Print the line containing "Fungal Biology - Recent" and each line after it through the end of the material below, exactly as it appears, but skip the pictures.

-------- GIVEN DATA

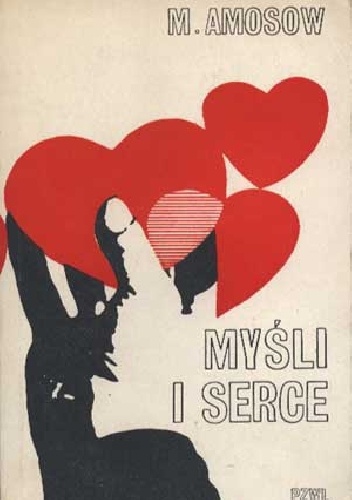 Okładka: Mikołaj Amosow - Myśli i serce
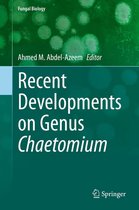 Fungal Biology - Recent Developments on Genus Chaetomium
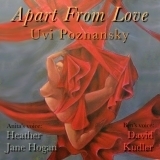 Apart from Love by Uvi Poznarsky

----------------

SOLUTION »
 Fungal Biology - Recent Developments on Genus Chaetomium
 Apart from Love by Uvi Poznarsky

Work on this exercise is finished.